JM+LS: Acreditamos que a arte tem carácter prospectivo. Mesmo que esteja, de algum modo, a retratar o presente ou a fazer uma crítica do presente, apresenta sempre uma possível leitura para o futuro, para a produção de um futuro. Acho que a arte dá possibilidades de entrada para um pensamento mais ético ou um mundo mais igualitário, mais participativo e democrático. Acreditamos que a arte tem esse poder. Tudo o que fazemos, toda a actividade humana, define o futuro. A nossa acção colectiva hoje é o que define o que o futuro vai ser amanhã. A arte enquanto actividade humana determina o futuro, mas não mais do que qualquer outra actividade. Tudo o que fazemos tem impacto e define o que o amanhã vai ser. Achamos que a arte tem a capacidade da metáfora. Tem a capacidade de nos fazer imaginar o que poderia acontecer de outra forma. Dá-nos uma janela para outras formas de se pensar e viver o amanhã.

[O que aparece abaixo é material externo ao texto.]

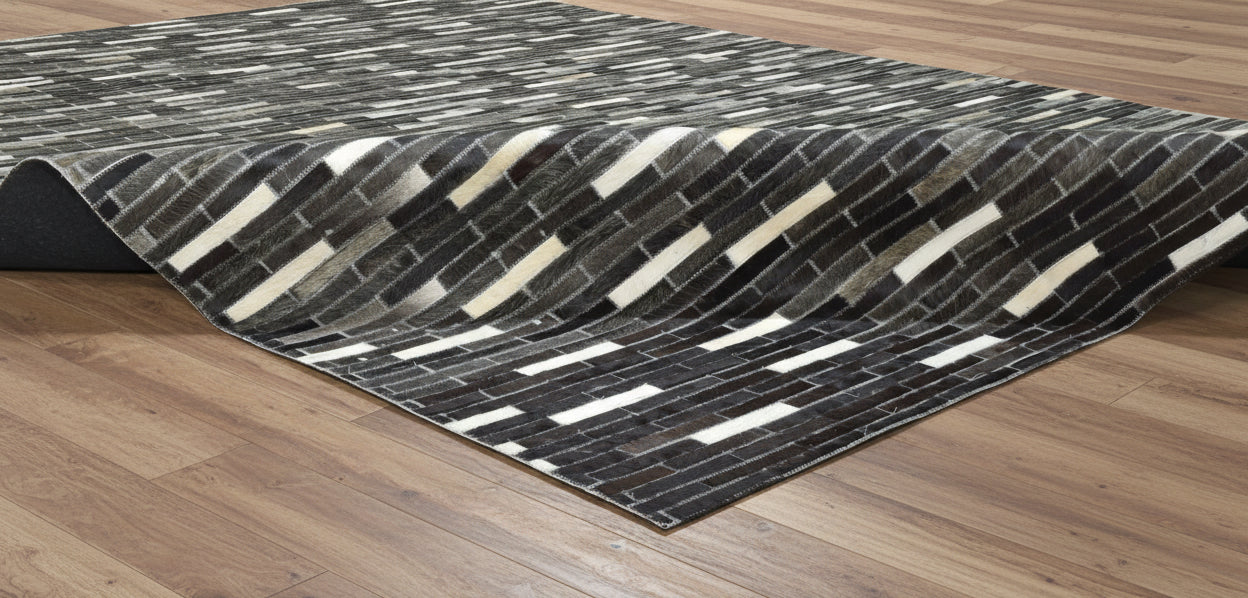Sallee Handmade Charcoal Black Stripes Leather Rug | Modern Patchwork Cowhide Area Rug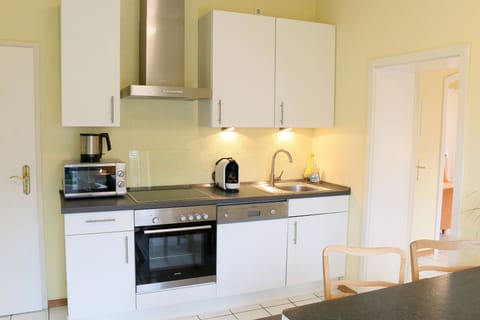 Apartment 1 with cathedral view & balcony | Private kitchen | Full-size fridge, microwave, oven, stovetop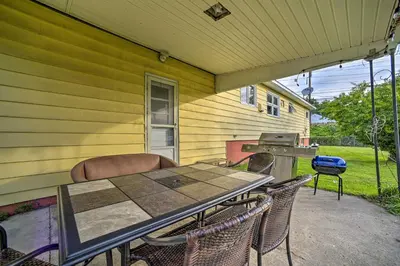 a table and chairs on the porch of a house at Albany Home with Fenced Yard and Patio - Pets Welcome! in Albany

Termos um horizonte vasto de possibilidades é muito importante. A arte diz-nos que há uma série de possibilidades abertas à nossa frente, é só uma questão de as imaginarmos. É fundamental vermos o que está para além das sombras.

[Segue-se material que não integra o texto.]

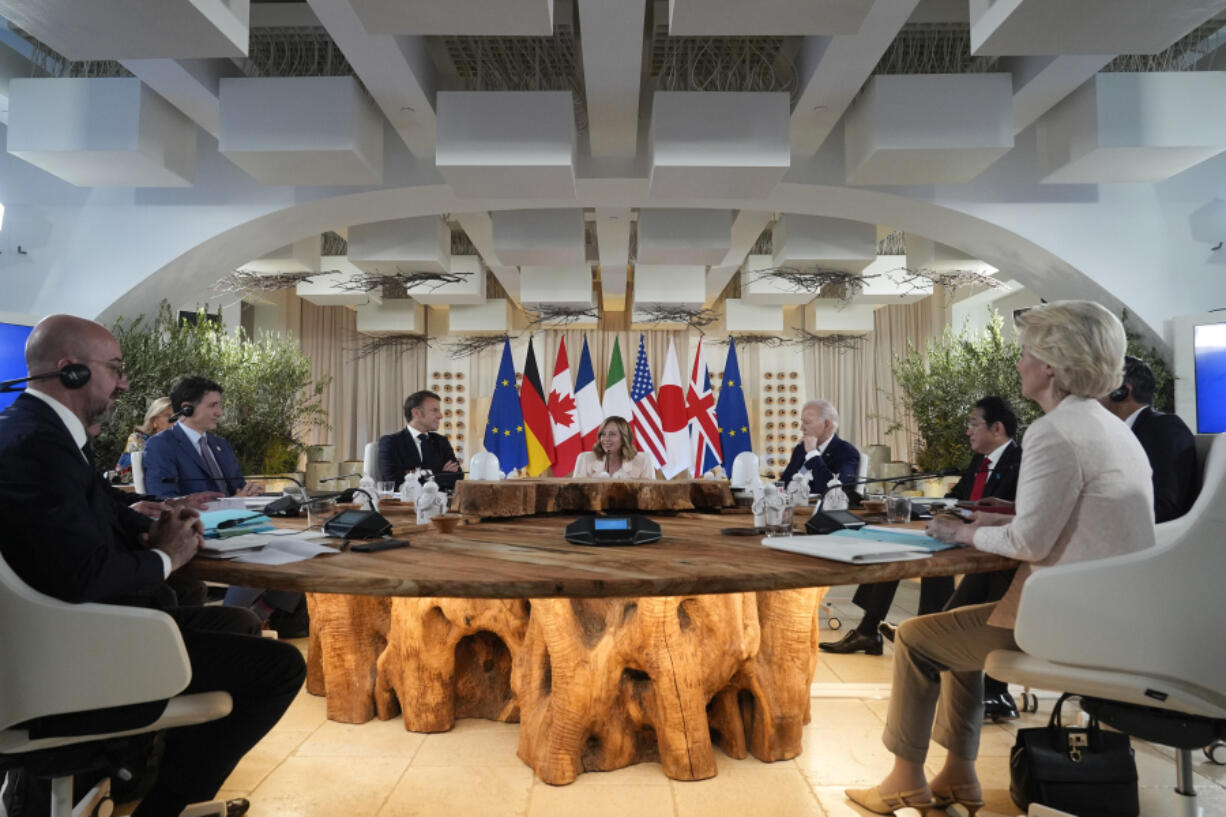 From left, European Council President Charles Michel, German Chancellor Olaf Scholz, Canada&rsquo;s Prime Minister Justin Trudeau, French President Emmanuel Macron, Italian Prime Minister Giorgia Meloni, U.S. President Joe Biden, Japan&rsquo;s Prime Minister Fumio Kishida, Britain&rsquo;s Prime Minister Rishi Sunak and European Commission President Ursula von der Leyen participate in a working session at the G7, Thursday, June 13, 2024, in Borgo Egnazia, Italy.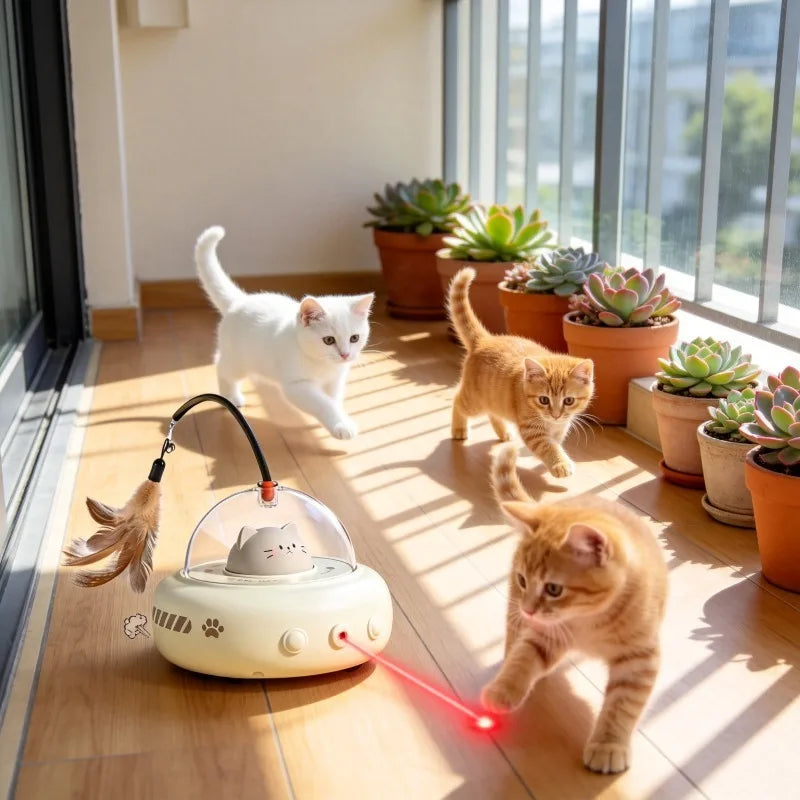 An orange kitten plays with an interactive UFO cat teaser wand that emits a red light and feathers.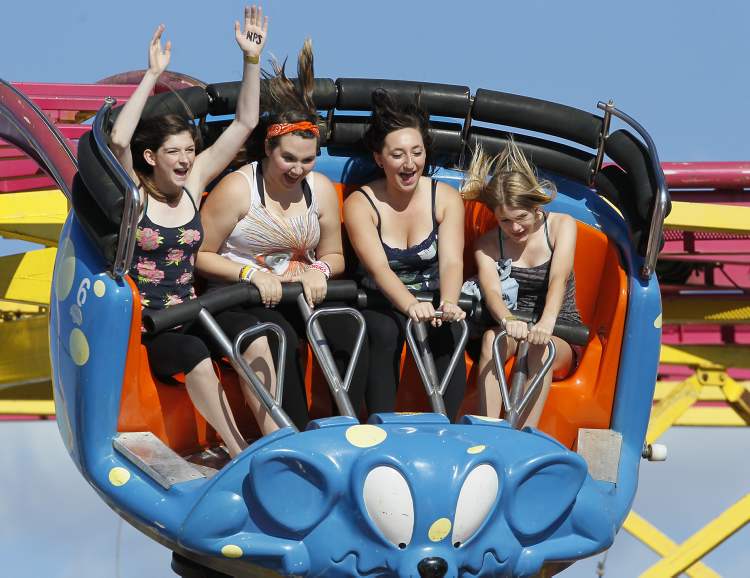 Winnipeg Free Press Archives
Ashton Wisener, Kyra DeLaRonde, Raeven O'Brien and Erica Reeves (from left) enjoy a ride on the Crazy Mouse at the Red River Ex.
John Woods / Winnipeg Free Press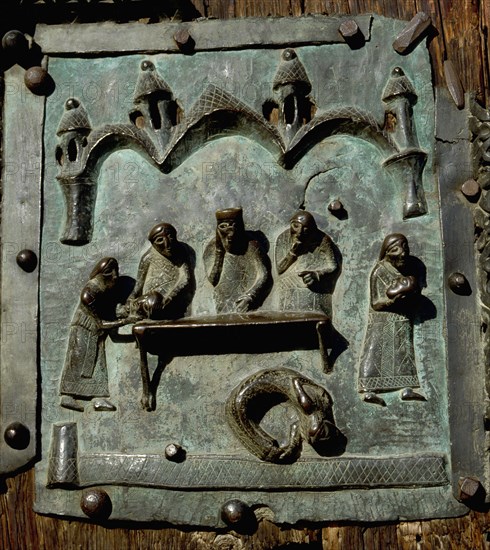 Detail of the bronze door of the Basilica of San Zeno which is decorated with 48 panels illustrating biblical stories and the lives of St Peter, St Paul, St Zeno, St Helena among others, and items connected with music and the three Theological Virtues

MIA: Como é que vocês imaginam o futuro das práticas curatoriais e da produção artística? Que tipo de inovações gostariam de ver no futuro relativamente à curadoria e à forma de pensar colecções e exposições? O que é que é preciso mudar e o que é que é preciso manter?
JM+LS: Isso é uma conversa complicada… (risos). Precisamos de boas práticas, que os agentes curatoriais ou institucionais definam um guia de boas práticas. É muito importante. Consideramos que qualidade de trabalho para os curadores e para os artistas é fundamental. Estas questões têm que ser acauteladas, não instrumentalizadas, não exploratórias. É preciso não maltratar obras de arte, curatorialmente não fazer as obras fazerem o que não é suposto fazerem, não forçar significados, não fechar o campo de possibilidades das obras… Acho que tudo isto é muito importante e que tudo isto passa por boas práticas. Depois achamos também que tem que haver espaço para projectos de pequena e média dimensão. Uma das coisas que tem vindo a acontecer é que as grandes instituições têm vindo a tirar o fôlego, o ar, a tudo o resto. Há muito trabalho que é feito por entidades de pequena e média dimensão que tem vindo a ser cada vez mais menosprezado e acho que isso é bastante problemático, sobretudo do ponto de vista político. É muito difícil para jovens artistas criarem espaços expositivos. A questão da renovação, de novos curadores, novos artistas… como é que estas práticas têm espaço para entrar num ecossistema quando as condições são cada vez mais precárias e mais complicadas. Quando tens as cidades cada vez mais caras, com maior dificuldade em criar espaços alternativos ou independentes, como é que estes circuitos de legitimação são possíveis ou não, e que fórmulas é que todos, enquanto comunidade, vamos conseguindo imaginar quando aquilo a que assistimos é o reverso — as grandes instituições a tomarem conta desses espaços públicos, da crítica, da imprensa… tudo isto está, de algum modo, apenas garantido a estas instituições. Todos estes pequenos espaços de que falamos ou manifestações mais espontâneas e pontuais deixam de conseguir ter visibilidade e, até mesmo, surgir. Como é que alguém neste momento consegue iniciar um projecto, como é que um artista consegue mostrar trabalho pela primeira vez, para além da faculdade. A ansiedade dos jovens artistas é encontrar uma galeria comercial. O que é que se passou para que a preocupação seja esta? São questões de sobrevivência, de se poder ter retorno financeiro mas e tudo o resto? O espaço para o erro, para o diálogo, para a experimentação?
Nota: a autora não escreve sob o abrigo do AO90.